**What to work on**
Copy each line of the records below, from the first through the one that contains "A collection of green", exactly as written.

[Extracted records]
++++

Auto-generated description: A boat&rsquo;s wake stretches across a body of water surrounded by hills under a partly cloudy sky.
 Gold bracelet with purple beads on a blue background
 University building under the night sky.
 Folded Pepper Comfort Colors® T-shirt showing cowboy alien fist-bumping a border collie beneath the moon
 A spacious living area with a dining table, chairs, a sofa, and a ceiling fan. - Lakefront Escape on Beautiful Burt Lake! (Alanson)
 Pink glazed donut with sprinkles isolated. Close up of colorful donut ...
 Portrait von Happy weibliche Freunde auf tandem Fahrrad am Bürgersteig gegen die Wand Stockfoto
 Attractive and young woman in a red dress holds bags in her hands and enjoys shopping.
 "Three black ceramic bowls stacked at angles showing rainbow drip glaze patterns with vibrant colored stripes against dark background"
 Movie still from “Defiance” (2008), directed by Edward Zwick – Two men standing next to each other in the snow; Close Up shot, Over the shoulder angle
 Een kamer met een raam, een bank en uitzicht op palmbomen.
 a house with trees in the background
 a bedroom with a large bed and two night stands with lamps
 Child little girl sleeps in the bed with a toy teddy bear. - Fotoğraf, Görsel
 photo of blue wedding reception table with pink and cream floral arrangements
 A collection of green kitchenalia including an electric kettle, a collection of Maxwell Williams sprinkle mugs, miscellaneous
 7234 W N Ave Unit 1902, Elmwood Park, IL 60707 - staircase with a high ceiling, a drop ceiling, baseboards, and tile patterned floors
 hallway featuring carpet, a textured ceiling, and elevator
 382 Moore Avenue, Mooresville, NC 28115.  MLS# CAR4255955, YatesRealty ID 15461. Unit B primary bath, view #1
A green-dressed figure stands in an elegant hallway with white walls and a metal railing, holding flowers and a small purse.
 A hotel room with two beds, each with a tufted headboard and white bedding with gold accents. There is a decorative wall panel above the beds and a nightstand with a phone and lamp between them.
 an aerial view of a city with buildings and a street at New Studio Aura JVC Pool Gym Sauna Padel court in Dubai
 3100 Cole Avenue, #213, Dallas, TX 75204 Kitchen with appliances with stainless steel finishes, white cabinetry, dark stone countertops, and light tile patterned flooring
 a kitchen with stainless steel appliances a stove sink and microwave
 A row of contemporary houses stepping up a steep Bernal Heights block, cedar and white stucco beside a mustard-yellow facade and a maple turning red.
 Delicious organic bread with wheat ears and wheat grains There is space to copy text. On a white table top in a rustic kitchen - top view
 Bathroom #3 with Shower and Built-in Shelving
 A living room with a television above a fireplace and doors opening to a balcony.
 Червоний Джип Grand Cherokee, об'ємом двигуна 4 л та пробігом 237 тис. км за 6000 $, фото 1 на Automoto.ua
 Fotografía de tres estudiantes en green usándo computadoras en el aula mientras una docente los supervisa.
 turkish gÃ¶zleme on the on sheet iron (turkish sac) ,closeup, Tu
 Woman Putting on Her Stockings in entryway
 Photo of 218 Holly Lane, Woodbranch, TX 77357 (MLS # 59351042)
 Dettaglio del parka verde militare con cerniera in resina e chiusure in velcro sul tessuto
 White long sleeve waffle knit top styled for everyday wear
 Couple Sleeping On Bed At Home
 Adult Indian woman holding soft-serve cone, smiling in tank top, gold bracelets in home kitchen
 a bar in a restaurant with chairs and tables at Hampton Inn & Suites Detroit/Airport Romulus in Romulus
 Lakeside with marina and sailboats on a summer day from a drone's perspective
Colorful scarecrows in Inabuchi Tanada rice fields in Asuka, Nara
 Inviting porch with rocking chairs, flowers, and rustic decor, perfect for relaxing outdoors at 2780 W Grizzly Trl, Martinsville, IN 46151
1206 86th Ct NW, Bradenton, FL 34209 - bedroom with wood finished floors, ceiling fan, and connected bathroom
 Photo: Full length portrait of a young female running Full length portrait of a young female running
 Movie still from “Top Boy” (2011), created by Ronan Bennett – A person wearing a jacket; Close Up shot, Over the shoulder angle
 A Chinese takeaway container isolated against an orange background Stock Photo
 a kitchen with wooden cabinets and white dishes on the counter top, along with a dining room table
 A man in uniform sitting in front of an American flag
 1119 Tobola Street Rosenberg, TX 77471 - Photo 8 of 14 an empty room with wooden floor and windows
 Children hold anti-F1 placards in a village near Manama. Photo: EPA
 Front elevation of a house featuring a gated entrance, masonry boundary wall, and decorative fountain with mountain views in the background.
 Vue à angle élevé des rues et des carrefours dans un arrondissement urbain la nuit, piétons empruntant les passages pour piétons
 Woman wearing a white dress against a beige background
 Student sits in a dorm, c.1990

++++

**Solved exercise**
Auto-generated description: A boat&rsquo;s wake stretches across a body of water surrounded by hills under a partly cloudy sky.
 Gold bracelet with purple beads on a blue background
 University building under the night sky.
 Folded Pepper Comfort Colors® T-shirt showing cowboy alien fist-bumping a border collie beneath the moon
 A spacious living area with a dining table, chairs, a sofa, and a ceiling fan. - Lakefront Escape on Beautiful Burt Lake! (Alanson)
 Pink glazed donut with sprinkles isolated. Close up of colorful donut ...
 Portrait von Happy weibliche Freunde auf tandem Fahrrad am Bürgersteig gegen die Wand Stockfoto
 Attractive and young woman in a red dress holds bags in her hands and enjoys shopping.
 "Three black ceramic bowls stacked at angles showing rainbow drip glaze patterns with vibrant colored stripes against dark background"
 Movie still from “Defiance” (2008), directed by Edward Zwick – Two men standing next to each other in the snow; Close Up shot, Over the shoulder angle
 Een kamer met een raam, een bank en uitzicht op palmbomen.
 a house with trees in the background
 a bedroom with a large bed and two night stands with lamps
 Child little girl sleeps in the bed with a toy teddy bear. - Fotoğraf, Görsel
 photo of blue wedding reception table with pink and cream floral arrangements
 A collection of green kitchenalia including an electric kettle, a collection of Maxwell Williams sprinkle mugs, miscellaneous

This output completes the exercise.